Set the records down again, exactly, without their images.
--------------------
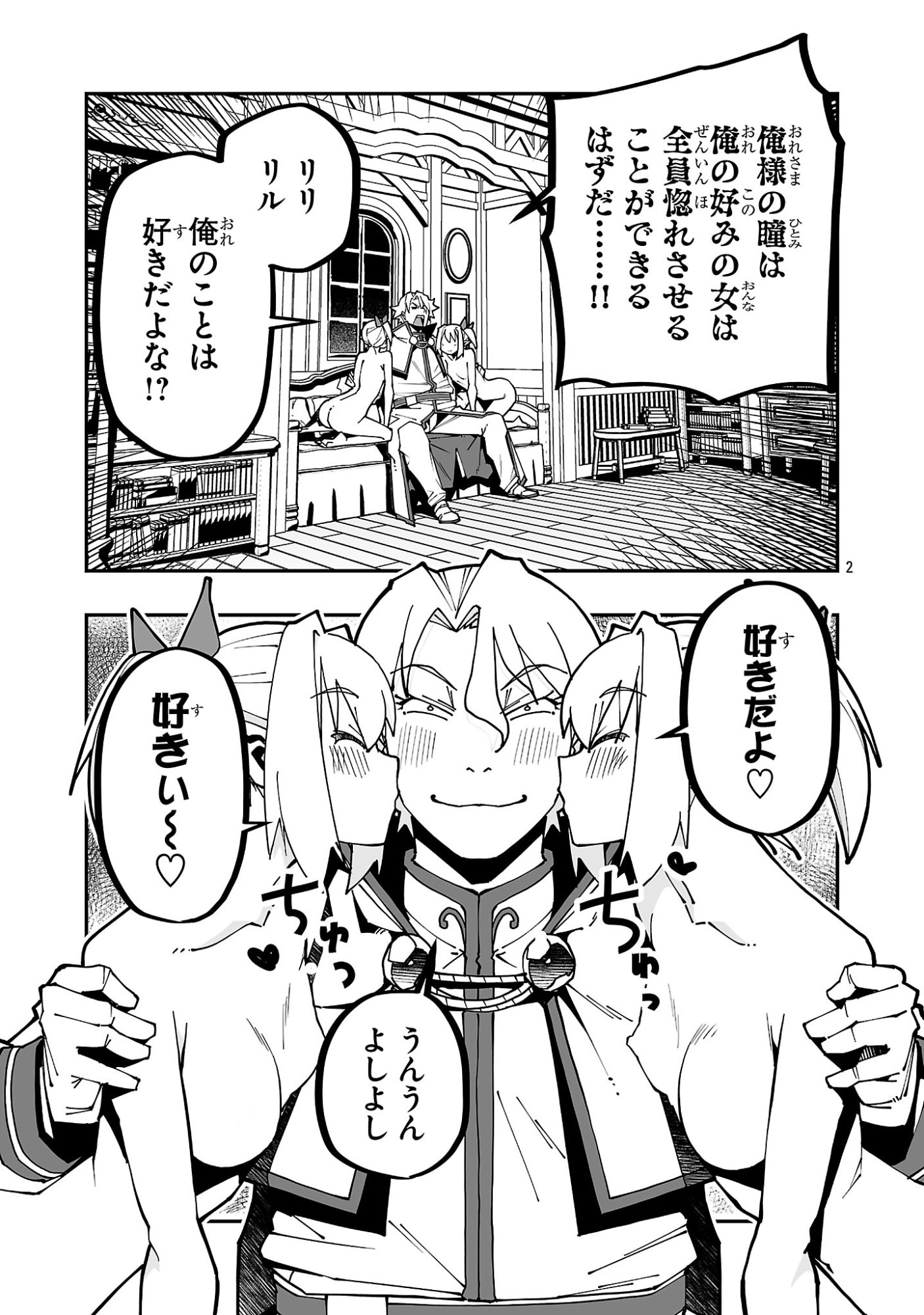 Netori Mahoutsukai no Bouken - Chapter 38 - Page 2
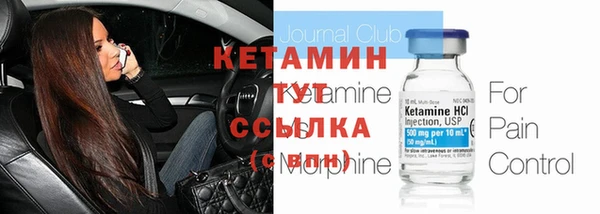 первитин Зеленокумск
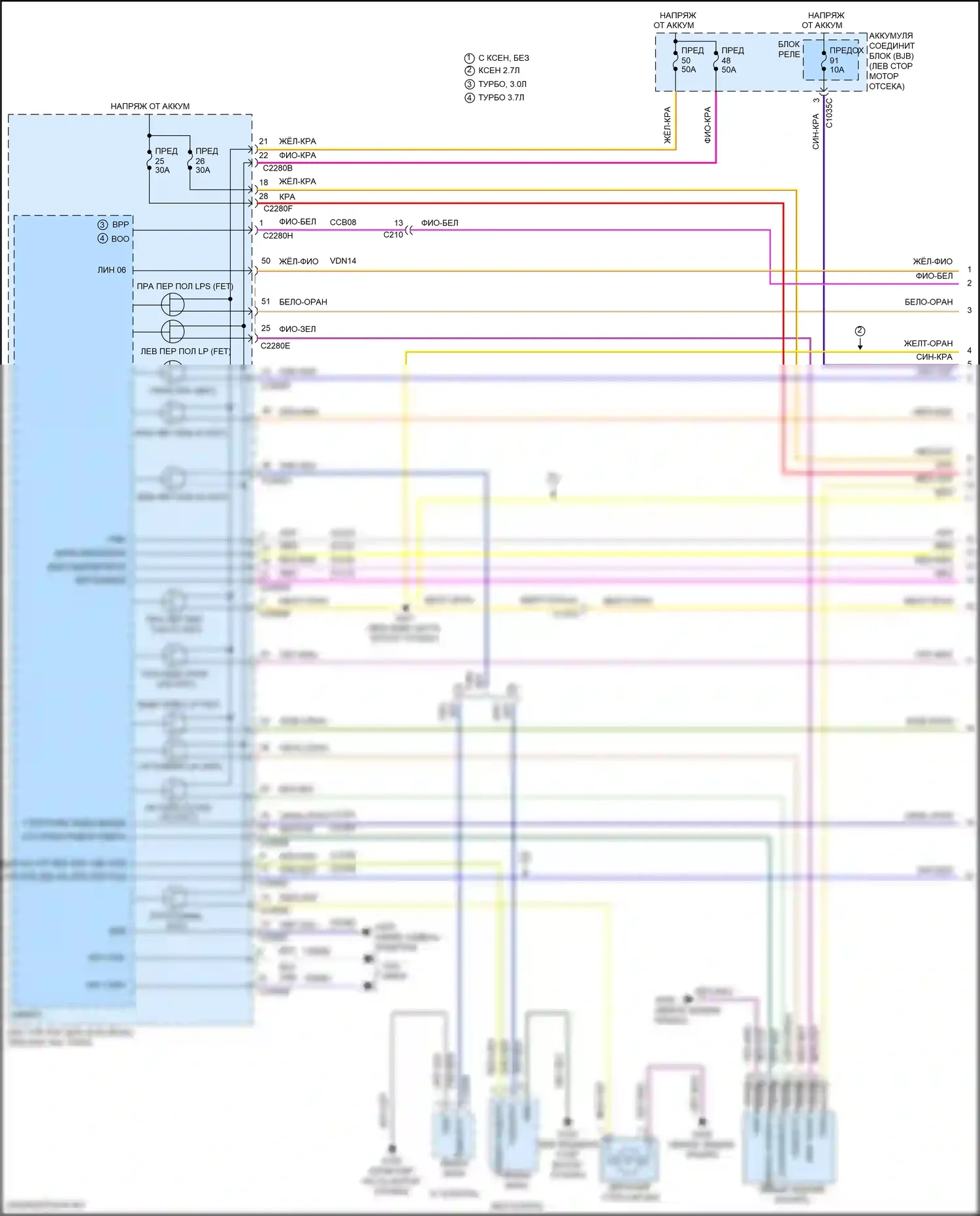 Continental Lincoln X (2016-2024): Электросхема фар и фонарей (1 из 3) 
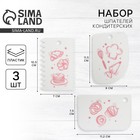 Шпатели кондитерские, набор «Сладости» 11.5×8 см, 11.2×6.5 см, 10×7 см, 3 шт. - Фото 1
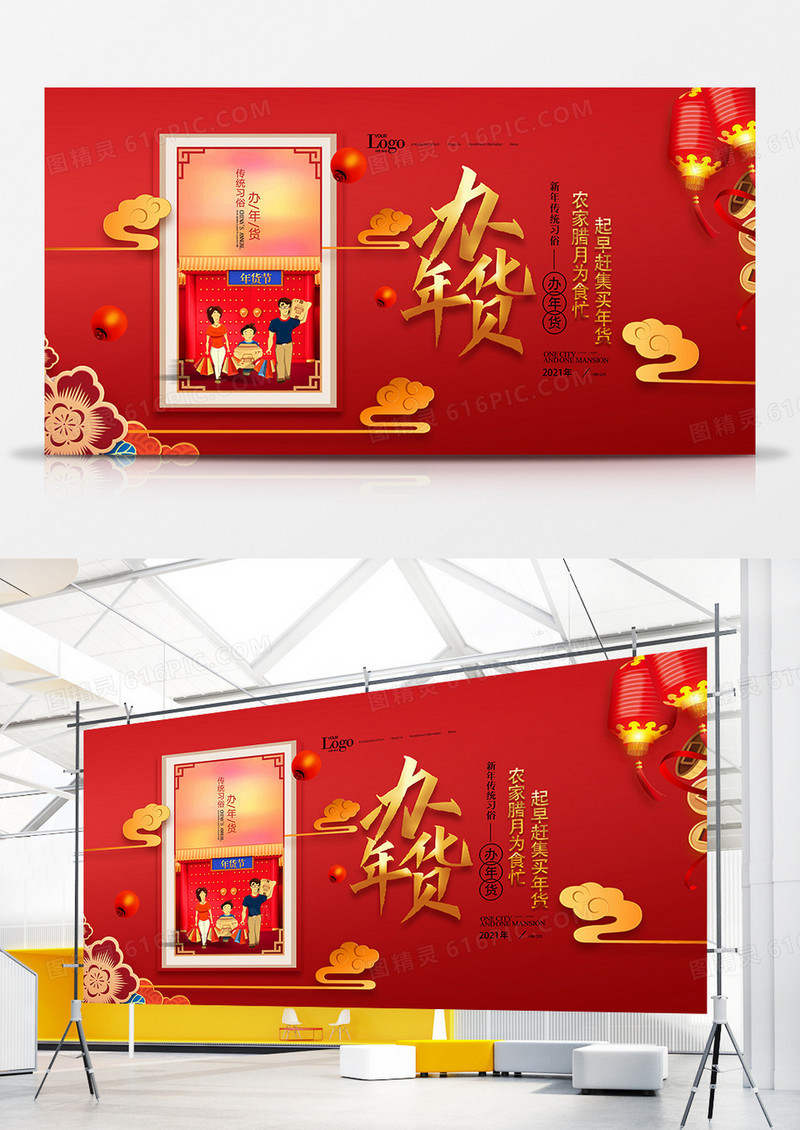 中国风新年习俗办年货系列展板设计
--------------------
### Task solution
 Netori Mahoutsukai no Bouken - Chapter 38 - Page 2
 первитин Зеленокумск
 Continental Lincoln X (2016-2024): Электросхема фар и фонарей (1 из 3) 
 Шпатели кондитерские, набор «Сладости» 11.5×8 см, 11.2×6.5 см, 10×7 см, 3 шт. - Фото 1
 中国风新年习俗办年货系列展板设计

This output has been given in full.